Ana Maria desenvolve aqui um romance histórico de grande qualidade, não apenas no estilo, dinâmico e envolvente, como na pesquisa, profunda como o tema merece, fazendo sua personagem principal, Kehinde, depois rebatizada Luísa Gama, nascer na África no início do século XIX e ser levada como escrava a um lugar muito distante, tratada como mercadoria no navio negreiro e separada da família de forma traumatizante.
Diferentemente das teses acadêmicas sobre o assunto, que por melhores que sejam não superam a frieza da figura do “observador distante”, Ana Maria consegue levar o leitor a mergulhar no universo da pequena escrava, a sofrer com ela, a viver sua dor e a ter as mesmas esperanças. Outra pesquisa que chama a atenção no livro é a das expressões africanas, principalmente religiosas. Os escravos africanos nunca abandonaram suas crenças, mesmo tendo de aportuguesar muitos dos nomes de suas divindades, e a riqueza de seus rituais é retratada aqui como se estivéssemos vivendo aquela época em que duas culturas completamente diferentes se misturavam, primeiro como uma relação de opressor e oprimido, e depois como uma mistura que acabou se tornando a base da formação do povo brasileiro.

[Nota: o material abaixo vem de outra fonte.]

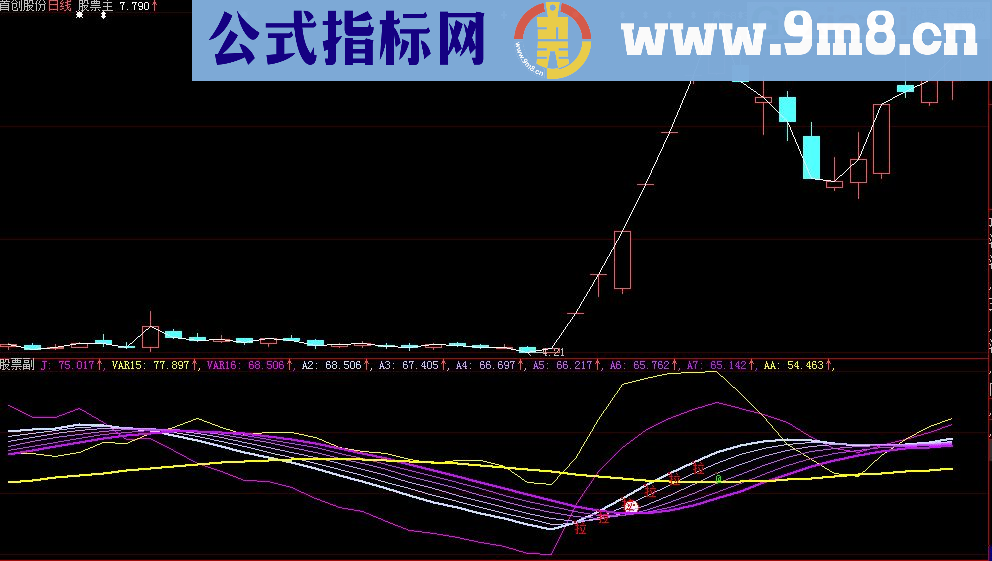 大智慧高准确率的波段卖点和买点源码附图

O tráfico de escravos é abordado na visão realista da cumplicidade dos chefes das tribos africanas, que já tinham seus cativos e os vendiam aos portugueses. “Todos os dias chegava mais gente capturada em muitos lugares da África, falando línguas diferentes e dando várias versões sobre o nosso destino”. Chamado de tumbeiro, o navio negreiro tem a sua rotina relatada aqui de forma bastante crua, um lugar onde não dava para ninguém se mexer e que após alguns dias de viagem exalava um odor de fezes, urina, vômito, suor e feridas insuportável. “Alguns adoeceram e tiveram febre, mas o que dava mais aflição eram os gemidos de um fulani que tinha sido empurrado da escada e quebrara a perna, o osso chegando a furar a pele”.
O fio condutor do livro é a revolta dos escravos muçulmanos na Bahia dos anos de 1830, escravos chamados de muçurumins e que eram os mais conscientes de sua condição, acreditando que todo aquele sofrimento era o fermento de uma revolta que iria libertá-los. Conseguiam praticar sua religião e aprendiam a ler e a escrever, ajudando outros escravos a conseguirem suas liberdades, seja através da compra de cartas de alforria ou da fuga para os quilombos, “um lugar onde os pretos viviam livres e felizes, cuidando uns dos outros”.
Protagonista atravessa a
história em busca do filho
Luísa passa por todos os momentos históricos importantes de boa parte do século XIX no Brasil, indo parar em várias cidades, como o Rio de Janeiro, onde faz uma minuciosa descrição dos hábitos, lugares e pessoas. Luísa passa também a maior parte do livro em busca do filho que ela teve após ser violentada por seu dono, o “sinhô” José Carlos, homem poderoso que tirava a virgindade e toda as escravas novas que comprava. Ana Felipa, a invejosa mulher dele, adota a criança após a morte do marido e depois de diversos contratempos Luísa perde o paradeiro da criança, para quem o livro é contado.
A obra deverá interessar tanto a historiadores, sociólogos, antropólogos, economistas, jornalistas e várias outras categorias, mas o melhor é que por trás de tudo há uma história sendo contada, uma história que vai prender a atenção dos leitores e que tem tudo para ser adaptada em outros meios e traduzida para muitos idiomas. Afinal, é o retrato perfeito de um momento histórico brasileiro de muita crueldade e injustiça e que (infelizmente) ainda carrega suas sequelas nos dias de hoje. “Tudo carecia de esperança, de vida, e a morte cheirava muito mal”.